- Directed by: John W. Doyle
- Written by: John W. Doyle
- Produced by: Paul Pope Jennice Ripley
- Starring: Raoul Bhaneja Mary Walsh Andy Jones
- Cinematography: Brian R.R. Hebb
- Edited by: Lara Mazur
- Music by: Eric Cadesky Nick Dyer
- Production company: Film East Inc.
- Release date: September 2, 1998 (MWFF);
- Running time: 87 minutes
- Country: Canada
- Language: English

= Extraordinary Visitor =

Extraordinary Visitor is a 1998 Canadian comedy film, directed by John W. Doyle. The film stars Raoul Bhaneja as John the Baptist, sent on a mission from God to find a reason to spare the world from destruction. Ending up in St. John's, Newfoundland and Labrador, he becomes embroiled in the lives of Rick (Andy Jones), a junk salesman and conspiracy theorist, and his wife Marietta (Mary Walsh), a local public access talk show host.

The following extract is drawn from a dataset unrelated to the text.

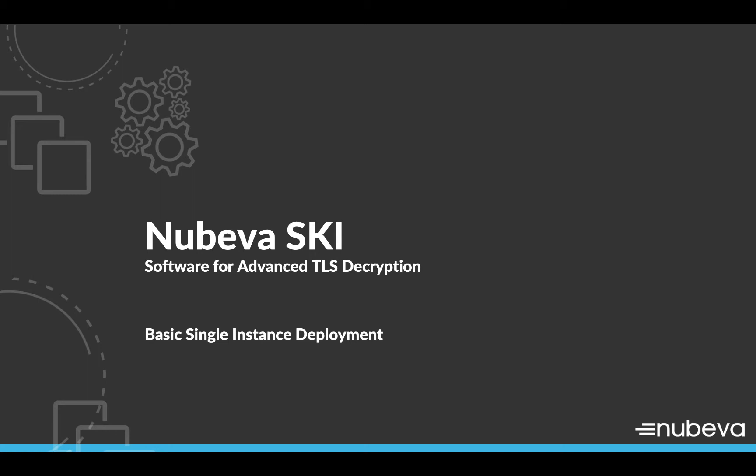In this video, I will be demonstrating a Nubeva sensor extracting session keys from a variety of applications, including Windows Browsers, Dropbox, and Microsoft Office 365.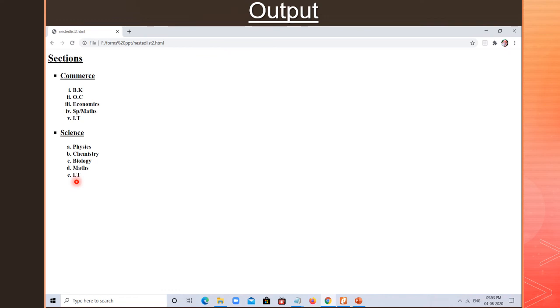This is all about definition list, description list, and nested list — what we covered today. In the next lecture, we are going to study audio and video — how to insert audio and video in HTML. That we will see in the next lecture.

The film also stars Janet Michael as Mary, Rick Boland as Pope Innocent XVI, Greg Malone as Cardinal Vignetti, Bryan Hennessey as Archbishop Devine and Jordan Canning as Alison, and features cameo appearances by Mark Critch as a hot dog vendor and Pamela Wallin as a newscaster.

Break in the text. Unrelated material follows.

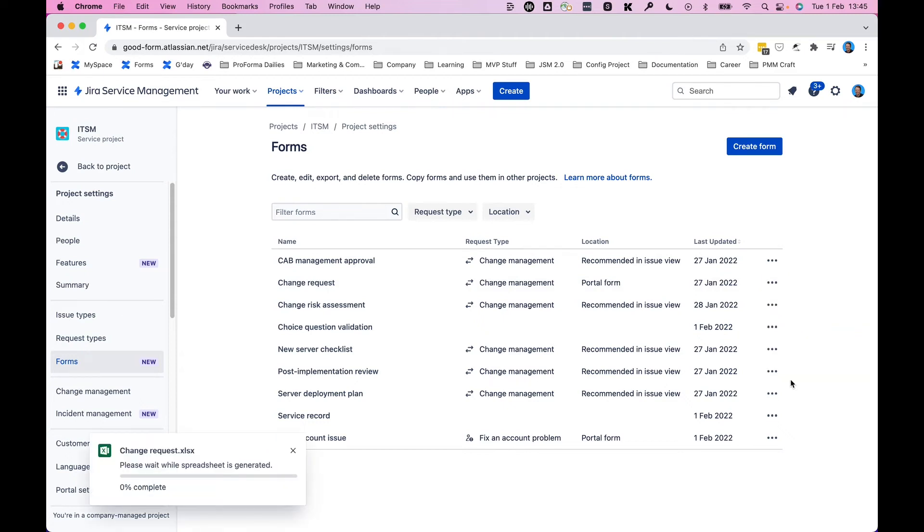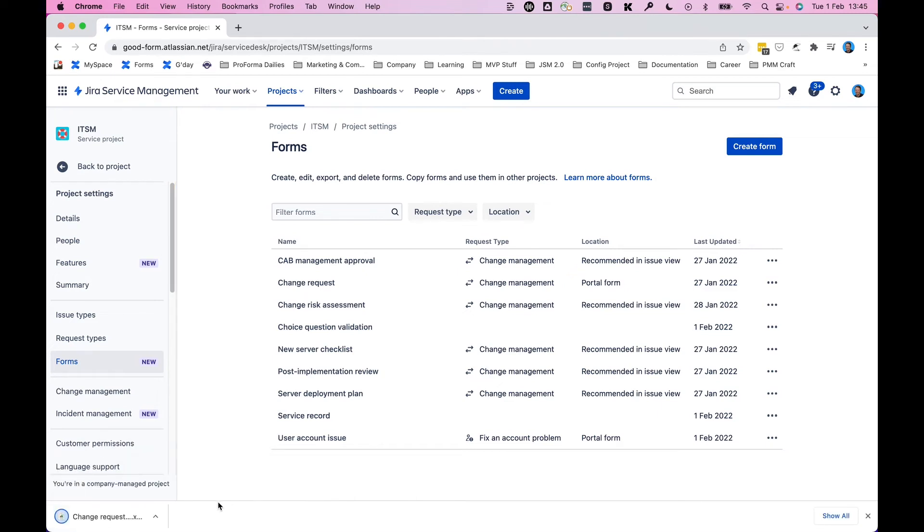And once that's done, you'll see us get to 100% complete down here and a little pop up that will tell you it's all ready to go. And it's been downloaded. Let's open it up and have a look.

The film premiered at the Montreal World Film Festival on September 2, 1998, and was screened at the 1998 Toronto International Film Festival, the Cinéfest Sudbury International Film Festival, the Vancouver International Film Festival and the Atlantic Film Festival before going into general theatrical release in early 1999.

The film won the Audience Award at the Dances With Films festival in 1999, and composers Eric Cadesky and Nick Dyer received a Genie Award nomination for Best Original Score at the 20th Genie Awards. It was broadcast by CBC Television on December 30, 1999.